Es ist nicht so einfach wie bei den rein ökologisch orientierten Parteien, die sich nicht sehr um die ohnehin in Bremen raren guten Arbeitsplätze sorgen und anstatt der Vertiefung mehr internationale Kooperation anstatt Konkurrenz, wie MERA es sich wünscht, ist ebendies: Ein Wunsch. Die niederländischen Häfen gewinnen auf Kosten von Hamburg und Bremen im europäischen Vergleich sowieso immer mehr Marktanteile. Wir sehen also dieses Dilemma auch in unseren eigenen Ansichten gespiegelt: Wie ist in manchen Bereichen das ökologisch Wünschenswerte mit der Notwendigkeit in Einklang zu bringen, dass auch Geld für die Einrichtung der transformierten Wirtschaft bei akzeptablen Lebensbedingungen für die Mehrheit der Bevölkerung da sein muss, die nicht zur herrschenden Klasse zählt? Vor allem der wichtige Containerhafen, der einmal das größte Terminal Europas hatte, ist dabei ein wichtiger Faktor.
„In Bremerhaven führt der vorerst ungebrochene Anpassungsdruck hin zu immer größeren Containerschiffen zur geplanten Vertiefung der Außenweser. Vor dem Hintergrund der angestrebten mittel- und langfristigen Hafenkooperation, insbesondere mit dem anteilig Bremen gehörenden Jade-Weser-Port in Wilhelmshaven, halten wir die Außenweservertiefung für nicht erforderlich. Auch wegen ökologischer Bedenken möchten wir eine Außenweservertiefung vermeiden.” (Die Grünen)
„Die Bremer Häfen sind zentrales Element der Bremischen Wirtschaft. Sie sichern tausende Arbeitsplätze ab und legen den Grundstein für den Wohlstand in unserem Land. Wir wollen, dass sie auch zukünftig im internationalen Wettbewerb bestehen können. Dafür ist es wichtig, dass auch zukünftig große Containerschiffe Bremerhaven ansteuern können.” (SPD)

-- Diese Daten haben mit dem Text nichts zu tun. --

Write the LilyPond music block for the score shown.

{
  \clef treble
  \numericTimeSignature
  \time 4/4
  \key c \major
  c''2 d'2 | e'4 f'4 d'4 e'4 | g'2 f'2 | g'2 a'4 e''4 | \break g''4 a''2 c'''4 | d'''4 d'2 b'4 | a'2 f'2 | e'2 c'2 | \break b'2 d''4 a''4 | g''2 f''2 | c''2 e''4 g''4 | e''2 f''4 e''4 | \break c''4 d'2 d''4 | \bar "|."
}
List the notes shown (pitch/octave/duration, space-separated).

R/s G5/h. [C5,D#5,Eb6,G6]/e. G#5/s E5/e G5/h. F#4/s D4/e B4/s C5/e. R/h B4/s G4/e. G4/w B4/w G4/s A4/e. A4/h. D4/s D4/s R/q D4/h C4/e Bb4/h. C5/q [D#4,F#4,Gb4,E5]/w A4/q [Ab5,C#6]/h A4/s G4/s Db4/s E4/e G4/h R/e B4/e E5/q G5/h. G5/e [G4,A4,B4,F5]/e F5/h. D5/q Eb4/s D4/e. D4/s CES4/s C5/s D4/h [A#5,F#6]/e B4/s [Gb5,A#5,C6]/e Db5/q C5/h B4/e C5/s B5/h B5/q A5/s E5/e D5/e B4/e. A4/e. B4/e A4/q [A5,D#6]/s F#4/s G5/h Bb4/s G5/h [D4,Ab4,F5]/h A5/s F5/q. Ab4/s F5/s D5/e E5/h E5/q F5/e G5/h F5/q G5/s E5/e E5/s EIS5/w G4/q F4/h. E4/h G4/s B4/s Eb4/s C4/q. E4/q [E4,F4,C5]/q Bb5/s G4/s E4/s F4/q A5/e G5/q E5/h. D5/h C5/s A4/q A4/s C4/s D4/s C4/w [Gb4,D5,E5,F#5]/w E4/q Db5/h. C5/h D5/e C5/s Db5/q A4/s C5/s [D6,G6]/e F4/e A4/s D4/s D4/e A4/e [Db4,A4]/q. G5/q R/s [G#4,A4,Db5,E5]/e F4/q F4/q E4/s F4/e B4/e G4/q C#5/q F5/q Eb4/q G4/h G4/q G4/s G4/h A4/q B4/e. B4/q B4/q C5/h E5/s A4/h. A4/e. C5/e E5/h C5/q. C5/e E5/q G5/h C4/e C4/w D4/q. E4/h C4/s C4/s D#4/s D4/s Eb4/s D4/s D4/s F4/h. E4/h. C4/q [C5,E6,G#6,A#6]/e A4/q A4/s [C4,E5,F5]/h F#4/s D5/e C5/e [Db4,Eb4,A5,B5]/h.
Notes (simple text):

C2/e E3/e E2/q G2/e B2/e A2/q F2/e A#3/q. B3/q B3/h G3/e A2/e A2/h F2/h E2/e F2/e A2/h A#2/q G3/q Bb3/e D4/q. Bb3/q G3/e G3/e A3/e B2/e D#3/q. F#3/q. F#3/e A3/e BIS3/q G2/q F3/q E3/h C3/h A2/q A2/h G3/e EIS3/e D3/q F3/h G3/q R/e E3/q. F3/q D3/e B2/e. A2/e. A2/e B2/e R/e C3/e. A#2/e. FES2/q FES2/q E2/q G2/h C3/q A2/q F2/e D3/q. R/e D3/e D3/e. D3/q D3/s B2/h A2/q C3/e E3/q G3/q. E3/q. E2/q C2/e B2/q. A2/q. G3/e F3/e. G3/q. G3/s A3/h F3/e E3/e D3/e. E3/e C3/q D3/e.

Auch in der Bremer Regierungskoalition gehen die Meinungen also auseinander. Letztlich werden die Grünen sich aber wohl nicht sperren, so wirkt deren Positionierung auf uns. Zumal, wenn sie bei der heutigen Wahl eine Niederlage einfahren und die SPD aus ihr gestärkt hervorgehen sollte.
Nachdem wir dieses Thema nun doch etwas – sic! – vertieft haben, wünschen wir den Bremer:innen heute ein gutes Händchen bei der Wahl und dass sie für sich das Richtige tun.